7. Moonshake: Gravity

This flickers and strobes and phases, and sounds not unlike Moonshake‘s 1991 influencers and contemporaries My Bloody Valentine.

The First EP, from which Gravity is taken, was even released on Creation too. The two bands were label-mates, then, at ‘round about the time when MBV were putting out the likes of the Tremelo and Glider EPs, and the Loveless album. I admit to knowing nothing more from Moonshake, but I’ve always loved this track.

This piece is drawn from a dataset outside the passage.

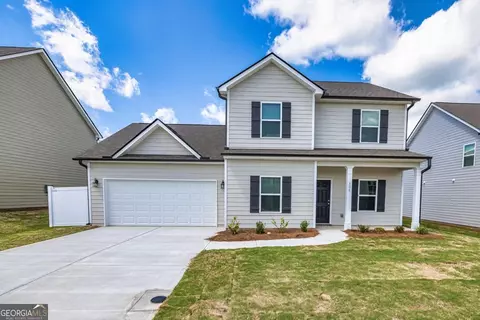 306 Bertha Honey Stewart Dr, Jackson, GA 30233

One Bravo is a abort control mode

8. British Sea Power: Observe The Skies

This twitching, jittering beauty from 2010’s Valhalla Dancehall LP sees the band emerge from the sea to the land… and beyond. Observe The Skies then chops merrily away behind typically elegant BSP words:

‘Let’s watch the nebulae implode,
As dark out of the light unfolds… ’

Altitude’s two miles

9. Heavenly: Space Manatee

With Sarah Records calling it a day in 1995, Heavenly‘s last-ever release was this 1996 7″ single on Wiiija, K or Elefant depending on your earth coordinates at that point.

It’s a fine sign-off: a nice slice of quiet/loud. Space Manatee was backed by a riotous cover of The Jam‘s Art School (alongside the ace Heavenly original You Tore Me Down).

Downrange one mile, altitude three, four miles now. Velocity 2,195 feet per second

10. Billy Bragg: The Space Race Is Over

Reducing our velocity somewhat is this great track from BB’s 1996 (again with 1996) LP William Bloke – one led by a pensive, poignant lyric. Is it about the thundering pace and ill-effects of technology? Is it about being careful what you wish for? The passing of time? Or is it just about the space race being over?

‘Now that the space race is over
It’s been and it’s gone, and I’ll never get to the moon
Now that the space race is over
And I can’t help but feel we’ve all grown up too soon…’

We’re through the region of maximum dynamic pressure now

11. Pixies: The Happening

Another band with a planet-ful of space sounds, this Bossanova cut won the day. But it could have been Planet of Sound, Space (I Believe In), Motorway to Roswell... But The Happening edged it thanks to its dreamy, unusual, relentless coda.

Of course, with its references to roads and the desert, and Area 51, The Happening is actually located here on Earth. That said, its haunting close could easily be the calm, stream-of-consciousness death-throes of a cast-adrift astronaut.

Eight miles downrange, 12 miles high, velocity 4,000 feet per second…

A big thanks to JC for agreeing to this. And I’ll leave him, as he is eminently qualified for the mission, to add a Kid Caneveral track as a bonus.

strangeways

JC adds….

genius idea for a posting, and tempting as it is to add a track as suggested, there’s just something perfect about an 11-song compilation for today. But I am going to add it to the ICA listing over on the right hand side…as #220.

Oh, and what about the specially-created artwork too……loving it!!

9 thoughts on “ELEVEN BLASTS FOR APOLLO 11

  1. You Tore Me Down is also a cover, it’s originally by The Flamin’ Groovies. (Also Wiiija has three “i”s. Quick quiz question: without looking it up, where does the name Wiiija come from?)

  2. Thank you, Alex G – this is why I’d never make it as
    an astronaut. Glad people like the post – cheers again
    to JC.

  3. I’ll never forget watching the landing in ’69. Amazing.
    Nice one, Strangeways, ‘The Happening’ is an inspired choice.

  4. A superb run of songs perfectly sequenced. When I opened the site on my PC (I still use one of those) I went immediately goosebumpy when I read the strap line to this article “A flag flying free in a vacuum…”

    Ghosts Of Americans Astronauts is what I define to be a classic song and one that I treasure. To see it is such good company brought a smile. Thank you, Strangeways.